A mass planetary movement that expresses solidarity with all living beings is the only struggle worth having today, but for that to happen, we need planetary institutions that help create the arena for planetary politics. Planetary institutions need not precede mass planetary politics; chances are they will arise in parallel, but every institutional development will likely create space for new political developments. I would be surprised and saddened (though I won’t be alive to see it) if there weren’t some form of planetary politics with wide appeal by the end of this century.
Now is the time to turn the plausible into the probable to use Dunne and Raby’s framework for speculative design.

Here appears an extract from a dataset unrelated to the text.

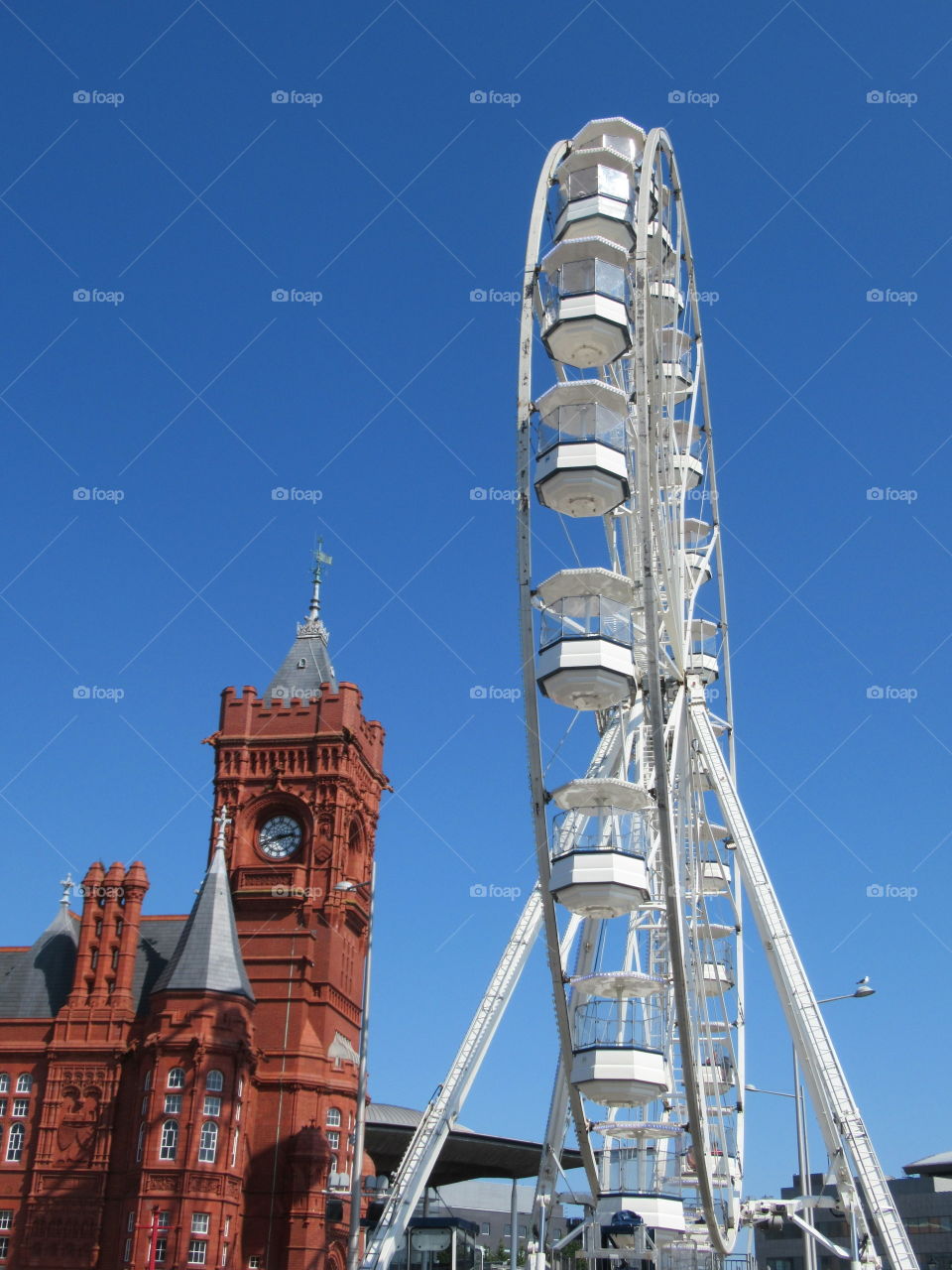 Pierhead building looking very small next to the Ferris wheel at Cardiff bay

One process that straddles thinking and acting is ‘governance’ and ‘government.’ The diversity of human needs and the fear of anarchy makes the case for institutions of governance, even if they have a tendency towards tyranny and elite capture. The Nation State is, by far, the most important unit of governance today, but it’s not that old and in the post-War era, the nation state has learned to live with transnational institutions - such as the WTO - that constrain the state’s capacity to act as it pleases. Nevertheless, attempts to go beyond the nation state towards world government have been an abject failure. Is planetary governance plausible? It’s too soon to tell, but it’s clear to me that the nation state isn’t the organizational form for governing the planet.
What then?
Maybe we should let a benevolent AI run the earth while we stick to mismanaging human affairs. The idea has some appeal, but I have a feeling Rule by Robot is not going to be popular as long as humans are running the show. Our ASI overlords don’t need my counsel, so let’s let the robots wait in the wings. Essay two in the Planetary Governance series is on three books bursting with ideas about governance at the planetary scale:
Benjamin Bratton’s “The Stack“ - now out in a 10th Anniversary edition.
Jonathan Blake and Nils Gilman’s “Children of a Modest Star.”
“The Planetary,” a volume edited by Gilman, with essays by Gilman, Blake and Bratton among others.
The three books have a common genealogy in the Berggruen Institute, the institution most committed to Planetarity of any I know. What I like most about conceptions of the Planet coming out of Berggruen:
The rejection of a sentimental, environmentalist framing of the condition of Planetarity, in a manner similar to Latour and his approach to Gaia.
The embrace of computation as the code through which we grasp the planet. As I hinted at in my essay on Metabology, computation is important for planetary governance because, unlike the law, it’s executable. A constitution can’t regulate a smokestack directly, but a protocol can.
When taken together, these two stances help us arrive at surprising conclusions, such as the emergence of AI isn’t a sideshow to the ongoing ecological and climate crises, but an essential component in the condition of Planetarity. At the risk of massive oversimplification, Blake and Gilman offer arguments for new planetary institutions with the power to regulate and enforce carbon emission reductions, and Bratton’s Stack offers us a new computational architecture/grammar for these institutions. The merger of the two points towards Cyborg institutions of the near future.
I will reflect on this merger and more in Essay Four, but I am getting ahead of myself; I want to let the readings speak before I offer my take.